The 7th Plague and Beyond
September 2nd, 2009 | Published in Google Testing
By James Whittaker
Sorry I haven't followed up on this, let the excuse parade begin: A) My new book just came out and I have spent a lot of time corresponding with readers. B) I have taken on leadership of some new projects including the testing of Chrome and Chrome OS (yes you will hear more about these projects right here in the future). C) I've gotten just short of 100 emails suggesting the 7th plague and that takes time to sort through.
This is clearly one plague-ridden industry (and, no, I am not talking about my book!)
I've thrown out many of them that deal with a specific organization or person who just doesn't take testing seriously enough. Things like the Plague of Apathy (suggested exactly 17 times!) just doesn't fit. This isn't an industry plague, it's a personal/group plague. If you don't care about quality, please do us all a favor and get out of the software business. Go screw someone else's industry up, we have enough organic problems we have to deal with. I also didn't put down the Plague of the Deluded Developer (suggested by various names 22 times) because it dealt with developers that as a Googler I no longer have to deal with ... those who think they never write bugs. Our developers know better and if I find out exactly where they purchased that clue I will forward the link.
Here's some of the best. As many of them have multiple suggesters I have credited the persons who were either first or gave the most thoughtful analysis. Feel free, if you are one of these people, to give further details or clarifications in the comments of this post as I am sure these summaries do not do them justice.
The Plague of Metrics (Nicole Klein, Curtis Pettit plus 18 others): Metrics change behavior and once a tester knows how the measurement works, they test to make themselves look good or say what they want it to say ignoring other more important factors. The metric becomes the goal instead of measuring progress. The distaste for metrics in many of these emails was palpable!
The Plague of Semantics (Chris LeMesurier plus 3 others): We misuse and overuse terms and people like to assign their own meaning to certain terms. It means that designs and specs are often misunderstood or misinterpreted. This was also called the plague of assumptions by other contributors.
The Plague of Infinity (Jarod Salamond, Radislav Vasilev and 14 others): The testing problem is so huge it's overwhelming. We spend so much time trying to justify our coverage and explain what we are and are not testing that it takes away from our focus on testing. Every time we take a look at the testing problem we see new risks and new things that need our attention. It randomizes us and stalls our progress. This was also called the plague of endlessness and exhaustion.
The Plague of Miscommunication (Scott White and 2 others): The language of creation (development) and the language of destruction (testing) are different. Testers write a bug report and the devs don't understand it and cycles have to be spent explaining and reexplaining. A related plague is the lack of communication that causes testers to redo work and tread over the same paths as unit tests, integration tests and even the tests that other testers on the team are performing.
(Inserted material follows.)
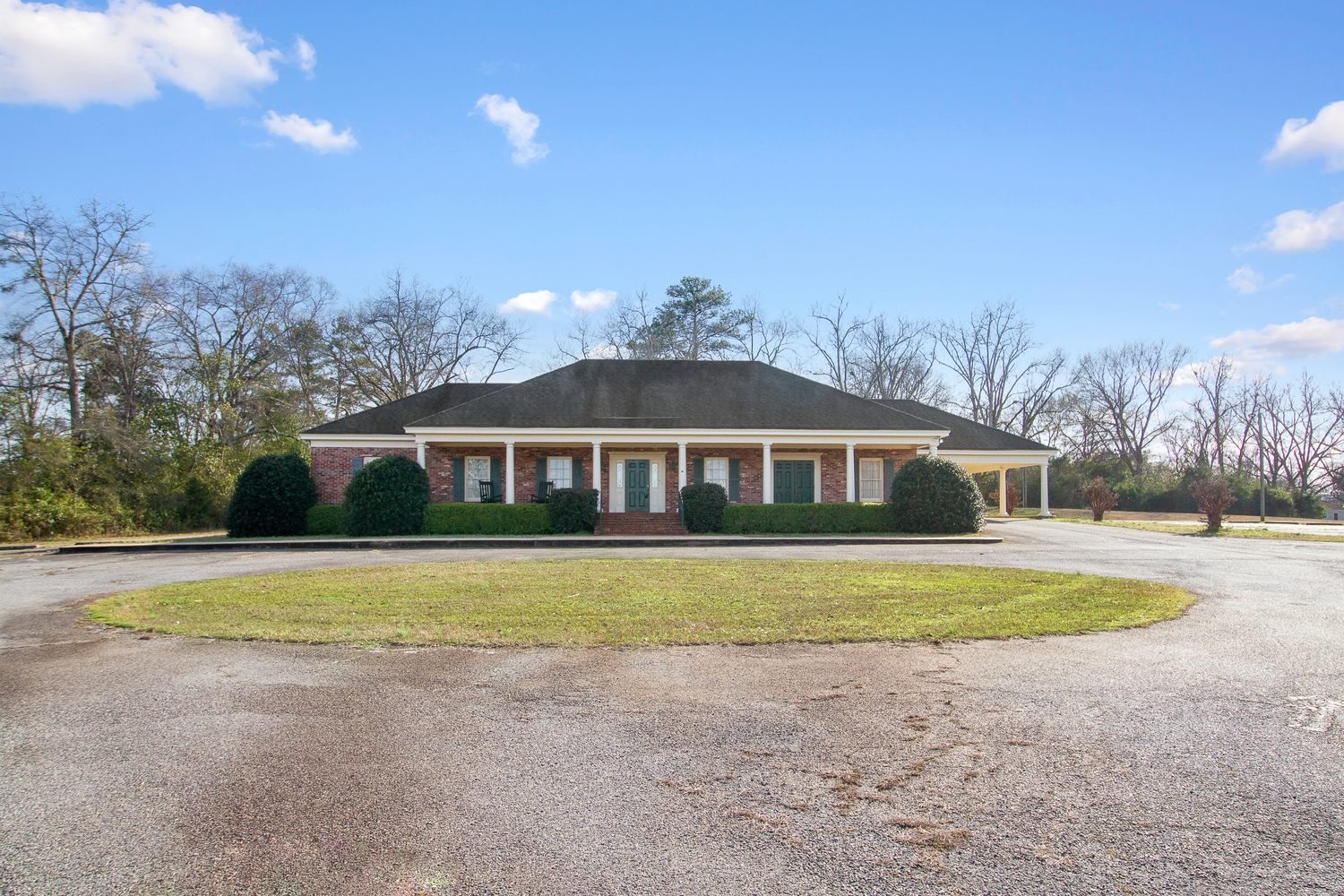 500 Flat Shoals Rd, Woodbury, GA for sale Building Photo- Image 1 of 1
This was also called the plague of language (meaning lack of a common one).
The Plague of Rigidness (Roussi Roussev, Steven Woody, Michele Smith and 5 others): Sticking to the plan/process/procedure no matter what. Test strategy cannot be bottled in such a manner yet process heavy teams often ignore creativity for the sake of process. We stick with the same stale testing ideas product after product, release after release. This was also called the plague of complacency. Roussi suggested a novel twist calling this the success plague where complacency is brought about through success of the product. How can we be wrong when our software was so successful in the market?